A "current and worsening situation" in Jersey means there is a "real possibility of a future care system failure", according to the island's care watchdog.
The Jersey Care Commission said staff shortages and increased demand were fuelling pressure on adult social care.
The commission's report said this posed "a potentially catastrophic risk to Jersey's care services".
The watchdog is urging the government to consider its social care support.
Becky Sherrington, chief inspector of the Jersey Care Commission, said she wanted to "stimulate thought and debate".
She said: "Without positive intervention, the current and worsening situation means that the commission cannot discount the real possibility of a future care system failure."
The report - Addressing Challenges and Risks in Social Care - said supply of care staff was failing to keep pace with demand caused by an ageing population.
It outlined a series of risks to the care sector including "deepening recruitment and retention pressures" and "care providers with insufficient numbers of experienced staff".
Inspectors found care providers were handing back care contracts because they could not manage the workforce shortages and growing demand for services.
The commission regulates care homes for people with a range of health and social care needs, care provided to people in their own homes, adult day care services and residential and other services for children and young people.

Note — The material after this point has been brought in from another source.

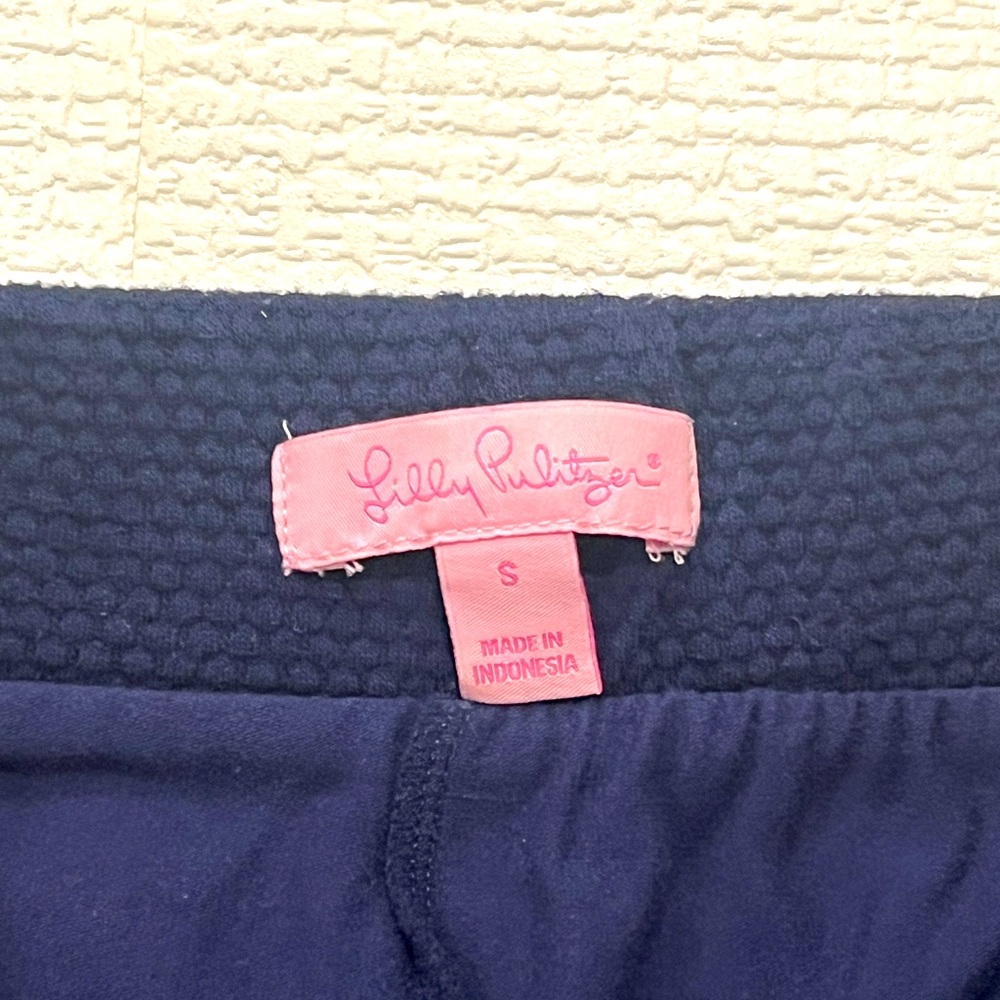 Lilly Pulitzer Madison Skort in Navy with Gold Buttons 
Size Small - Picture 5 of 9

The report said there were "deepening cost pressures" and "no clear strategy to understand the future requirements and challenges of the care sector".
It said there was "a growing concern" that if a care provider was unable to continue operating, "the care sector in Jersey does not have capacity to pick up the shortfall".

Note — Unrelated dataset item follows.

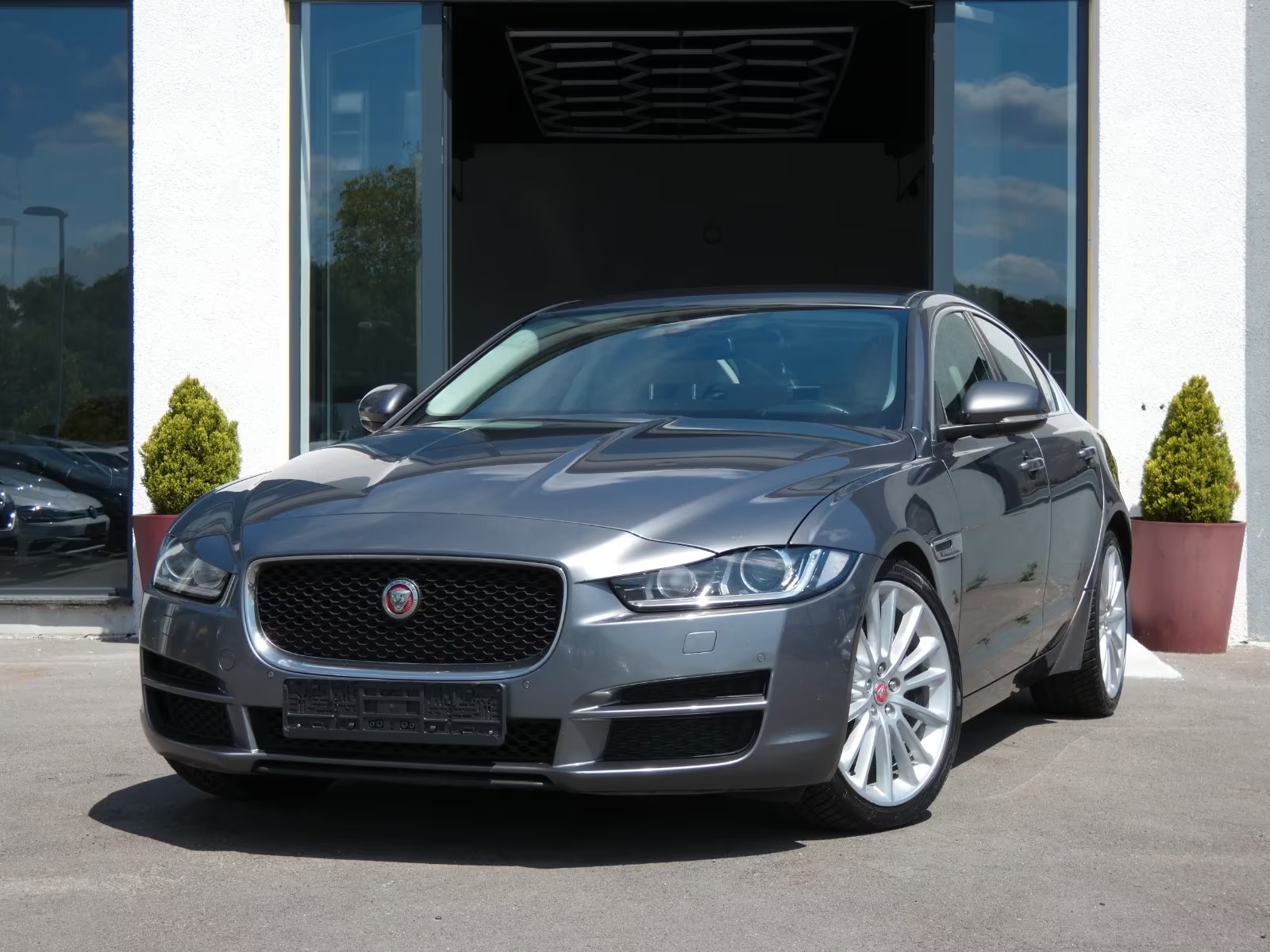 Foto Euro 6 Jaguar XE 2.0 D*Navi*Camera*Led* 2018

The commission said it had several examples of care providers needing "to restrict care hours provision and capacity".
It also said it was "concerned about several registered providers who are at increasing risk of breaching regulations and care standards".
The report said: "If the factors impacting on the workforce are not addressed there is a risk of increased destabilisation of the care sector, care needs not being met and at worse, a system wide failure where people cannot access the right care at the right time and in the right place."
The commission said the government should "consider how it can assist and support the care sector to deliver sustainable services taking into account the increasingly aging local community".
The BBC has approached the government for comment.